During learning the four m-files ex31?.m saves some information to show the progress of learning. Since the target PSNR is fixed, some of the first iterations are used to find an appropriate limit for the error which is used as a stopping criterion in sparse approximation. After som few iterations the achieved PSNR is quite stable during learning and as the dictionary further improves the average number of non-zero coefficients for each training vector slowly decreases. This can be plotted, for example:

  r1 = load('ex311Feb031626.mat');
r1.tabPSNR(1:10)'  % display the first PSNR values (on the next lines)
ans =
35.8615   38.2784   37.8627   38.0553   37.9764   38.0124   37.9938   37.9985   38.0014   38.0004
plot(r1.tabIT(5:end), r1.tabNNZ(5:end)/r1.L);
title('Average number of non-zero coefficients, including DC, for training vectors.');
xlabel(['Iteration number, dictionary: ',r1.ResultFile]);


The result off the commands above is plotted below.

### 5.2 Dictionary properties, SPIE 2011 paper

This section starts with a brief presentation of some dictionary properties. Many of these properties are used in the experiments done in the SPIE paper, they are used to assess learned dictionaries and to compare dictionaries to each other. The larger part of this section describes two of the three experiments done in the SPIE paper. The main purpose of these experiments were to compare different learning algorithms to each other, including the effect of using either the l0-norm (ORMP) or l1-norm (LARS) in vector selction, for sparse approximation of patches from natural images. The Matlab files and how to use them are briefly explained. Some results are presented, including plots of some of the learned dictionaries.

A thorough presentation of many dictionary properties is given in Elad's book: "Sparse and Redundant Representations ...". Also the SPIE 2011 paper gives an overview of some dictionary properties, mainly those that are relatively easy to compute. It also suggests some new properties, i.e. μmse, μavg, βmse, and βavg, and proposes a measure for the distance between two dictionaries: β(D,D'). The table below lists some properties for a normalized dictionary, i.e. each atom (column vector) has unit 2-norm. The dictionary is represented as a matrix D of size NxK. For more details on each property see the SPIE paper.

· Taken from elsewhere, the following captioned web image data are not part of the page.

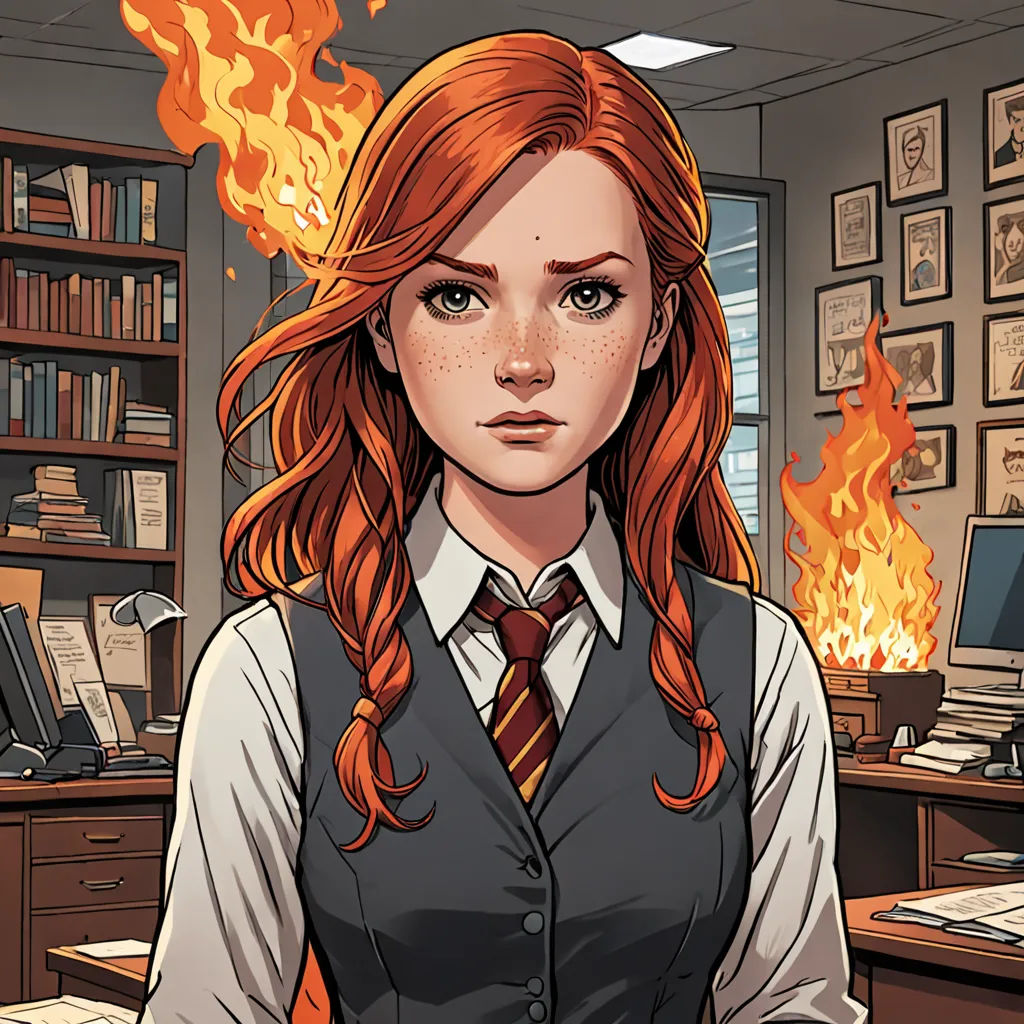 a woman in a tie and vest standing in a room with a fire in the background and a bookcase on fire, academic art, a comic book panel, Constance Gordon-Cumming, comic cover art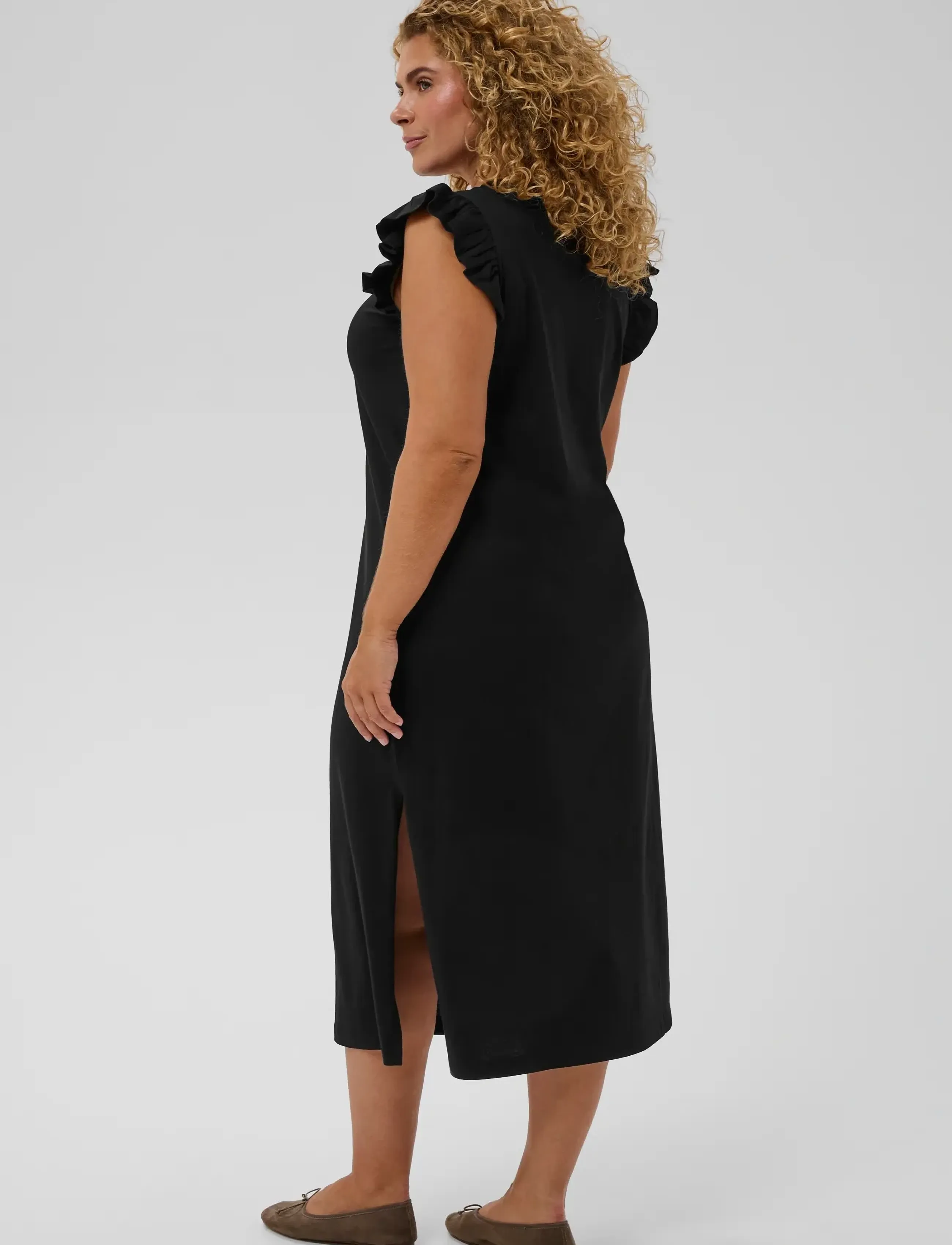 Kaffe Curve KCcaline Flounce Dress - Kampagne - BLACK DEEP / black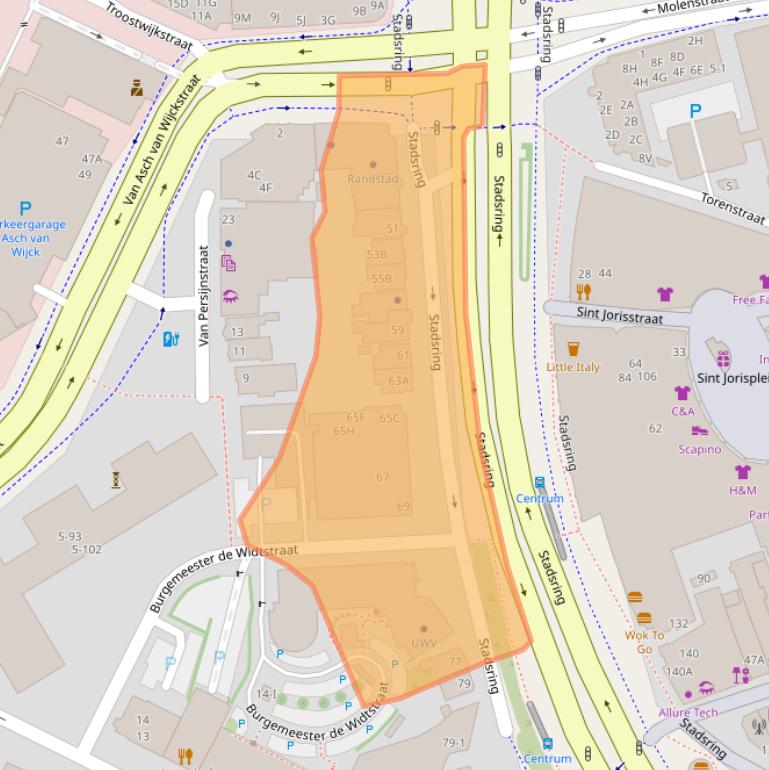 Kaart van postcodegebied 3811HN.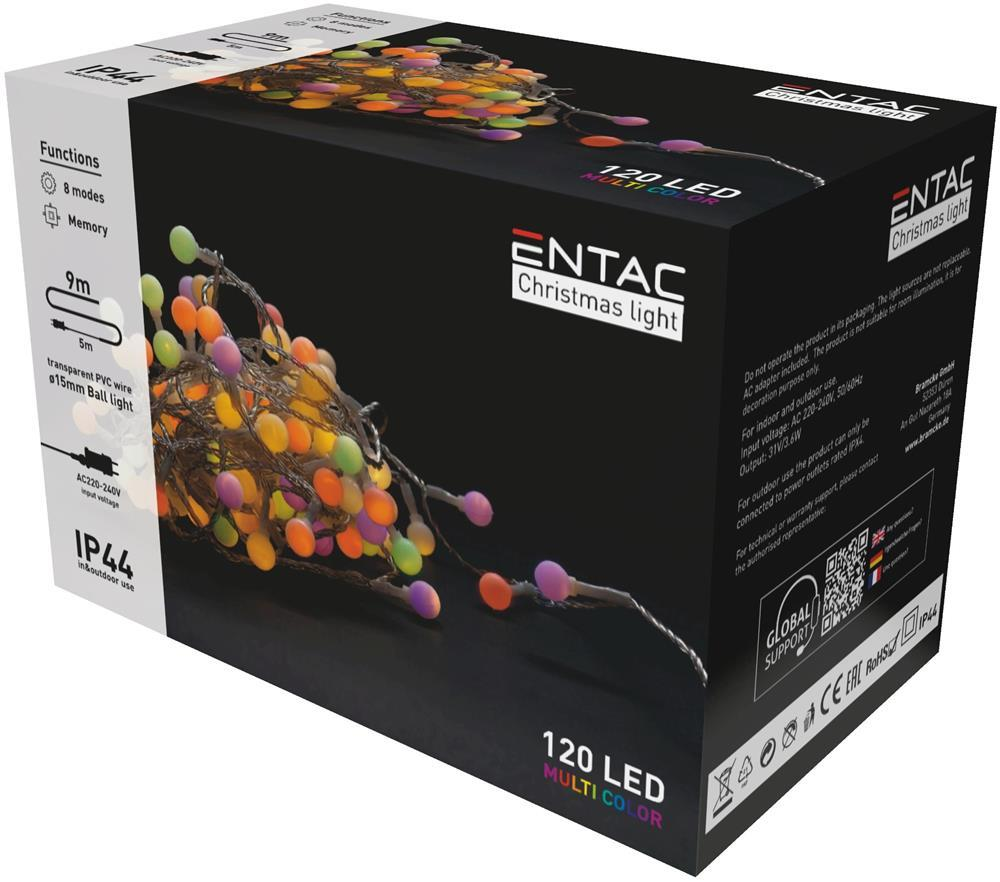 Entac Christmas IP44 Light 15mm Balls 120LED 9m MC - Entac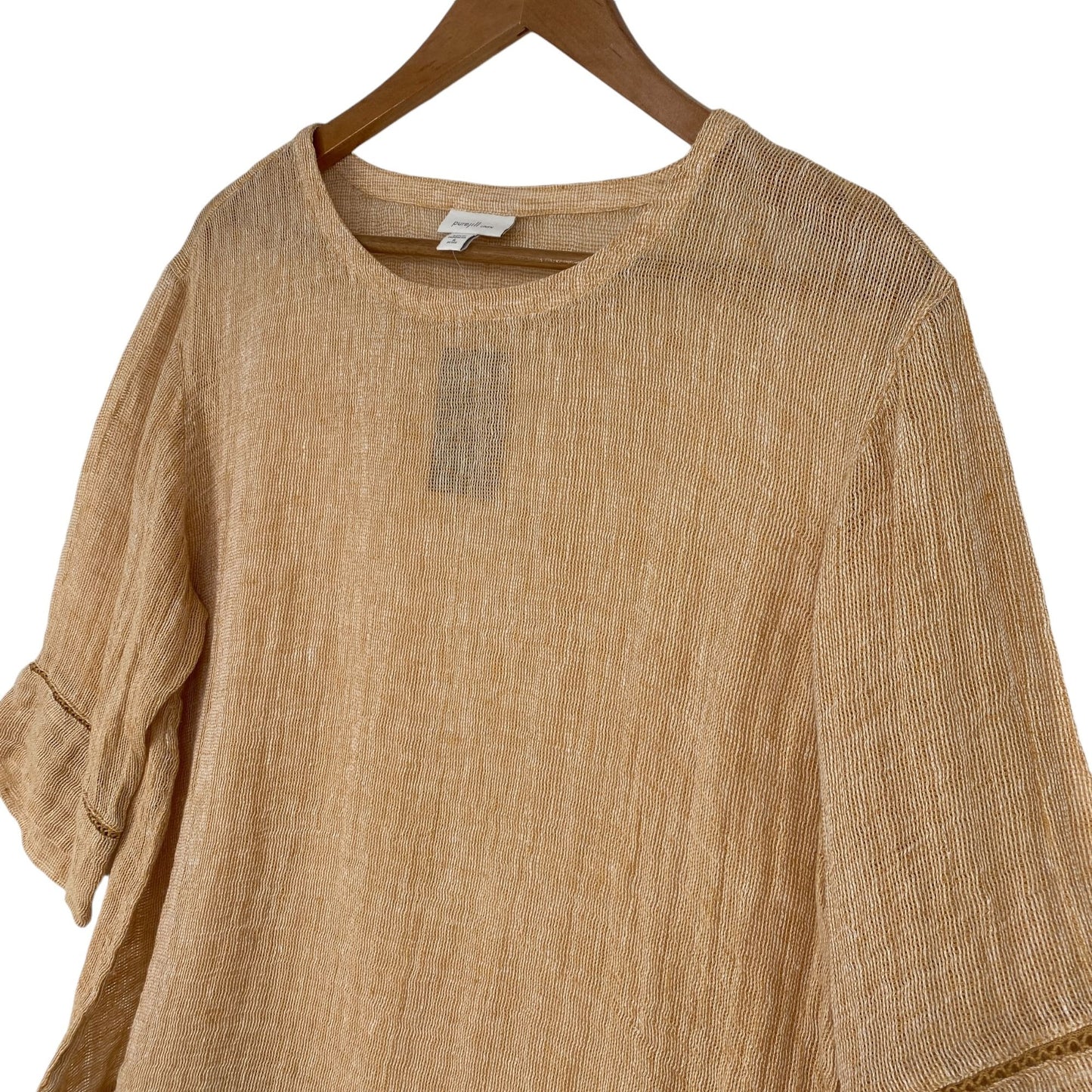 NWT Pure J Jill MP Linen Lagenlook Curry Boxy Top Sheer Open Knit 3/4 Sleeve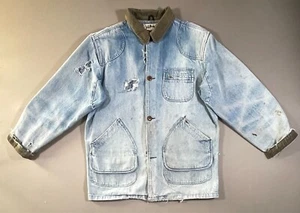 Vintage LL Bean Trashed and Faded Denim Barn Chore Coat Jacket Men’s Large / 42 - Picture 1 of 19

Property Definition (comment)
σ1, σ2, ... σN The singular values of D, where we assume σ1 ≥ σ2 ≥ ... σN
λ1, λ2, ... λN The eigenvalues of the frame operator S=DDT, we have λi = σi2 and Σi λi = K
A, B Lower and upper frame bound, A = λN and B = λ1
μ, βmin Coherence and angle between the two dictionary atoms closest to each other, coherence is cosine of the angle. For a normalized dictionary the coherence is the inner product of the two closest atoms.
μavg, βavg Average of cosine (angle) for all atoms to its closest neighbor.
μmse, βmse Average, in mean square error sense, of cosine (angle) for all pairs of atoms in the dictionary,
including an atom to itself. These properties can be computed from the eigenvalues.
μgap, βgap Cosine (angle) for the most difficult vector x to represent by one atom and its closest neighbor in the dictionary. This property is generally hard to compute.
δ(D) The decay factor used in Elad's book, we have δ(D) = μgap2
β(D,D') Distance between two dictionaries as the average angle between each atom (in both dictionaries) to its closest atom in the other dictionary.
SRC The Sparse Representation Capability is the average number of atoms used in a sparse approximation of a set of test vectors where the representation error is below a given limit for each test vector.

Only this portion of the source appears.